Left to right: Chloe Tucker '07, Musa Hamideh '09 and Samee Sulaiman '10 work at Al-Bustan Seeds of Culture, an Arab arts and culture organization in Philadelphia. Behind them, dancers rehearse a traditional Emirati dance.
Bringing Arab Culture to Area Youth
As the young participants in the Al-Bustan Seeds of Culture summer camp performed during their end-of-camp celebration, senior counselor Chloe Tucker ’07 glanced at the faces of their guests of honor—representatives from the United Arab Emirates (UAE) embassy—to gauge their reactions.
“They were all smiles,” she says.
The campers, ages seven to 17, had spent the past three weeks learning about the music, language, art, science, and natural environment of the UAE. Now, they were displaying the fruits of their education for their distinguished guests. The younger children performed traditional UAE dances and original plays, based on UAE history, that the students had written themselves. The oldest group of campers presented their own stop-action animated film, a public service announcement about racism.
“The embassy representatives were very excited, and loved every performance,” says Tucker. “It was a delightful mix of American theater and UAE tradition.”
The camp is the flagship program of Al-Bustan Seeds of Culture, where Tucker and fellow counselors and Haverford alumni Musa Hamideh ’09 and Samee Sulaiman ’10 have worked throughout the past year. The Philadelphia-based organization educates young people in Arabic language, arts and culture with classes and workshops throughout the year.

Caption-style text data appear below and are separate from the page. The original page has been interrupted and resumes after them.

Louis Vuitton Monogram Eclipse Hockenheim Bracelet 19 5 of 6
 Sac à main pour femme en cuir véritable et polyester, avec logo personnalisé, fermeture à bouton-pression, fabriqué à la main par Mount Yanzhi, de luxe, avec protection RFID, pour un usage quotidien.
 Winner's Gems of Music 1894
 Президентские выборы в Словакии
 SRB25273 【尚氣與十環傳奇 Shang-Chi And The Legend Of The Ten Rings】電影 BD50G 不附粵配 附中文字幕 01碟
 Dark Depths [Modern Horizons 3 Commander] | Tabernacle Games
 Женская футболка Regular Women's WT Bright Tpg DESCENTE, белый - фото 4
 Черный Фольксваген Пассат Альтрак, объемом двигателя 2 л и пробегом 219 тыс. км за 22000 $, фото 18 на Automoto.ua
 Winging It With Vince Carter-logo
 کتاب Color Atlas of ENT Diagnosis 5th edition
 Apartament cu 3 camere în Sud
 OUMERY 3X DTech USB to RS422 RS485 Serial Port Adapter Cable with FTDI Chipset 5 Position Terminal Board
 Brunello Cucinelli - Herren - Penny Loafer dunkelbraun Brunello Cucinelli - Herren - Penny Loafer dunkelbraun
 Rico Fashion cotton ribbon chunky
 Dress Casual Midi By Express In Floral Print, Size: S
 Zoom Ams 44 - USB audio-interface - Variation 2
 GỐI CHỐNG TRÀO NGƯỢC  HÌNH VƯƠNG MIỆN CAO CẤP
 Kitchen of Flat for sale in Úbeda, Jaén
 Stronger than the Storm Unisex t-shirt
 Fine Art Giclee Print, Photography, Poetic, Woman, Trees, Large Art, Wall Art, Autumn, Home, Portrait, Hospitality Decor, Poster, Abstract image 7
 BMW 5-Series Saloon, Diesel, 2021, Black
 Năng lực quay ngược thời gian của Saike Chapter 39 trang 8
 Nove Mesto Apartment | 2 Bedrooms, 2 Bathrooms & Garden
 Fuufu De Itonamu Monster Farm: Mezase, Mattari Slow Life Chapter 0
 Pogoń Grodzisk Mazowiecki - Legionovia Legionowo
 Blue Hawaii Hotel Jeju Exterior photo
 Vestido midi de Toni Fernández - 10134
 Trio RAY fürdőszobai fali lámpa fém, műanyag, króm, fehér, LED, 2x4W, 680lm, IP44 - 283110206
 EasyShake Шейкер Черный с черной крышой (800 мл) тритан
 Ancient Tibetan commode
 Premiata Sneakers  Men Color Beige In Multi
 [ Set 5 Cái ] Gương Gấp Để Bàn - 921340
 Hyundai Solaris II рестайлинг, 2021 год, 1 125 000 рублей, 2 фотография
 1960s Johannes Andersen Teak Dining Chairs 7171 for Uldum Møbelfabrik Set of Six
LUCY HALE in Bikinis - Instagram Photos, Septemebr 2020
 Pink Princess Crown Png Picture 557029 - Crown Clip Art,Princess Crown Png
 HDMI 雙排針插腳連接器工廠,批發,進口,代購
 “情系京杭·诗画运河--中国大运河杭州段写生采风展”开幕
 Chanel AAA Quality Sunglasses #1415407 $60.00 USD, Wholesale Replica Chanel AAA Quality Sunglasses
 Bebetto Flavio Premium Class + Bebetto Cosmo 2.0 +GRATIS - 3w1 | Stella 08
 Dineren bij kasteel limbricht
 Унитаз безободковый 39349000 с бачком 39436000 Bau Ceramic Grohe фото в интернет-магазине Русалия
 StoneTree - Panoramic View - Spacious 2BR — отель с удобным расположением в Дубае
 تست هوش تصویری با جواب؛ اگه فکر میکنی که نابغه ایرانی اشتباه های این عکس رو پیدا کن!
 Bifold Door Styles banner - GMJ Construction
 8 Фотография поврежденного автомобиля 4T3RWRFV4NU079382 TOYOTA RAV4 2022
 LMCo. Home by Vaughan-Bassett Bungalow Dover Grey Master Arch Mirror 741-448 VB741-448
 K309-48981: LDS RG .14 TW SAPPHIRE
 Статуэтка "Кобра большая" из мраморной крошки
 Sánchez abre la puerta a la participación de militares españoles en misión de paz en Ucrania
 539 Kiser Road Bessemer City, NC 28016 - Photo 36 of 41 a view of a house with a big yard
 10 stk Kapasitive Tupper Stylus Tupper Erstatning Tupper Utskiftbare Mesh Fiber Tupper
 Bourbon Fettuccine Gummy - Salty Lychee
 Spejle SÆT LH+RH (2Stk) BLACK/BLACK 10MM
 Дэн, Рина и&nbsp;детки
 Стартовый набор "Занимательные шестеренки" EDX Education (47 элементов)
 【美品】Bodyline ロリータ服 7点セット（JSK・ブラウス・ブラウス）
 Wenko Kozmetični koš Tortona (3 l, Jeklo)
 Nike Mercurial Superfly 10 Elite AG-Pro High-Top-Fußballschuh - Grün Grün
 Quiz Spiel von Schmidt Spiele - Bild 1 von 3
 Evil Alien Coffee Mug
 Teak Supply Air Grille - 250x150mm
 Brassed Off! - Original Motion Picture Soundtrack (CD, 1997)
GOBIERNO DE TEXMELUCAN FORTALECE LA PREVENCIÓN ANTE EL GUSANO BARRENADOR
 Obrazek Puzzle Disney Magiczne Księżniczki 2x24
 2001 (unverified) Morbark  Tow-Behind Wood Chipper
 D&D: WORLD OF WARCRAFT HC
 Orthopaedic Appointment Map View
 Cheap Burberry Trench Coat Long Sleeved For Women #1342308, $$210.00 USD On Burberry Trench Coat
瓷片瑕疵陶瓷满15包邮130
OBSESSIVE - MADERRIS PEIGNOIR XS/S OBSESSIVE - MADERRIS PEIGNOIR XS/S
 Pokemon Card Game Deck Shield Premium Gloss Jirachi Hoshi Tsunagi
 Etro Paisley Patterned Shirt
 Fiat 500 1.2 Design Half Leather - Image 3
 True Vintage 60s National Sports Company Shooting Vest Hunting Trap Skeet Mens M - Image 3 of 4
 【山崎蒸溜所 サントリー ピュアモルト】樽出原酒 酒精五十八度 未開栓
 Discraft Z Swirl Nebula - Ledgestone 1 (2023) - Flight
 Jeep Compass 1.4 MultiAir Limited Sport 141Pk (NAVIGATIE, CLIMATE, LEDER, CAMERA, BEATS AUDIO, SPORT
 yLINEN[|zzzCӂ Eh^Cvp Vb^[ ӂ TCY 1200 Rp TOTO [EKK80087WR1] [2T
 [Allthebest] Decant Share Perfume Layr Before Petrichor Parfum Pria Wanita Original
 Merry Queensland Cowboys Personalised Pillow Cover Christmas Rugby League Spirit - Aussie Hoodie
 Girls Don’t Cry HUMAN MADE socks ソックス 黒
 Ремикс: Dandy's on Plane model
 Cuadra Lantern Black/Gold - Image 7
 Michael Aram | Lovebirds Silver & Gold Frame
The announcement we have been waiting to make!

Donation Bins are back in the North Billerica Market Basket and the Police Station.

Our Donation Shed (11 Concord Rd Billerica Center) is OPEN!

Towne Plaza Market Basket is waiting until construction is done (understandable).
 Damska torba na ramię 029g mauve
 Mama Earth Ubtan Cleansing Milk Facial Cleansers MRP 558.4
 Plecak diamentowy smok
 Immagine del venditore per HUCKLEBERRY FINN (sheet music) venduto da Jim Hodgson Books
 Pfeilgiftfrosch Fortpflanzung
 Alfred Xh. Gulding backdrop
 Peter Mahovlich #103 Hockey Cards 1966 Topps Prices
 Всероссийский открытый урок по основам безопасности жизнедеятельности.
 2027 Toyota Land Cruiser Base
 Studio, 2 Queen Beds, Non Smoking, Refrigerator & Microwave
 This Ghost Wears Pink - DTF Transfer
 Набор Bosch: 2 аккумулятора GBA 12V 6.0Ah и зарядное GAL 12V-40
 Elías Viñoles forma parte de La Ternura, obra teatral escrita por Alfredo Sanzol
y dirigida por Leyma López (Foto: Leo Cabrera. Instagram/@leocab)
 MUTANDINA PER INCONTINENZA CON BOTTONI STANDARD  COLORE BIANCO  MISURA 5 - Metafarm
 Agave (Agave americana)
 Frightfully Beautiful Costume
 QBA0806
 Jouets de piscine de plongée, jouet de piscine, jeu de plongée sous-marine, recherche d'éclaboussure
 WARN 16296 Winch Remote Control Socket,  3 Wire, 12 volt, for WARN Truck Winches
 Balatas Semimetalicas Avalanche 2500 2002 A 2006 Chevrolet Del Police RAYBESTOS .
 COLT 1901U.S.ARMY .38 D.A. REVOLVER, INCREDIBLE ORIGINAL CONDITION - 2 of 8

According to Tucker, the camp, which takes place at Springside School in the city’s Chestnut Hill area, is the only three-week intensive camp of its kind in the country. Every year, the camp highlights a different part of the Middle East. “We focused on the UAE this year because it’s a place where traditional and new ideas thrive,” says Tucker.
Tucker joined Al-Bustan in 2009 as an AmeriCorps fellow, working as a marketing/communications/outreach coordinator. From the beginning, she was impressed by what she deems the “phenomenal” caliber of Al-Bustan’s teaching artists. “One of our visual arts teachers, Tremain Smith, has pieces in the permanent collection of the Metropolitan Museum of Art, and some of our musicians, including violinist Hanna Khoury, have performed with Sting and Shakira, and have recorded with the biggest names in Middle Eastern music,” she says.
Musa Hamideh was encouraged to become part of Al-Bustan by his friend Tucker, and is now a program coordinator. He, in turn, convinced his friend Samee Sulaiman to join as an administrative and program assistant. Both are Palestinian: Hamideh was born in the U.S., but his family still resides in Palestine and he lived there himself for several years as a teenager. Sulaiman has spent summers in Palestine, but was born and raised in Brooklyn, where his immediate family still lives. His father’s family is still in Palestine, but his mother’s family, who were refugees during the 1967 war, live in Jordan and are not allowed to return to their home country.
Of Al-Bustan, Hamideh says, “I wanted to work with an organization that used language and culture as a means of dialogue and cross-cultural communication.” Adds Sulaiman, “It was a great opportunity to explore my own Arab identity through an artistic and cultural framework, as opposed to a political one.”
All three Fords value their experiences as camp counselors. “I’ve never been part of a more diverse community,” says Tucker, who notes that the campers came from a variety of ethnic backgrounds.
“They were very curious and excited to learn,” says Sulaiman of the campers. “I enjoyed seeing them explore their own identities through so many creative outlets.”
“I found that I was still a student in many ways,” says Hamideh, who assisted with percussion lessons and Arabic-language classes, where he bolstered his own vocabulary in the process.
Hamideh will remain with Al-Bustan full time, helping to sponsor arts education in Philadelphia schools. Tucker and Sulaiman, both religion majors, are considering graduate schools. “However, I still want to be involved with Al-Bustan in some capacity,” says Sulaiman.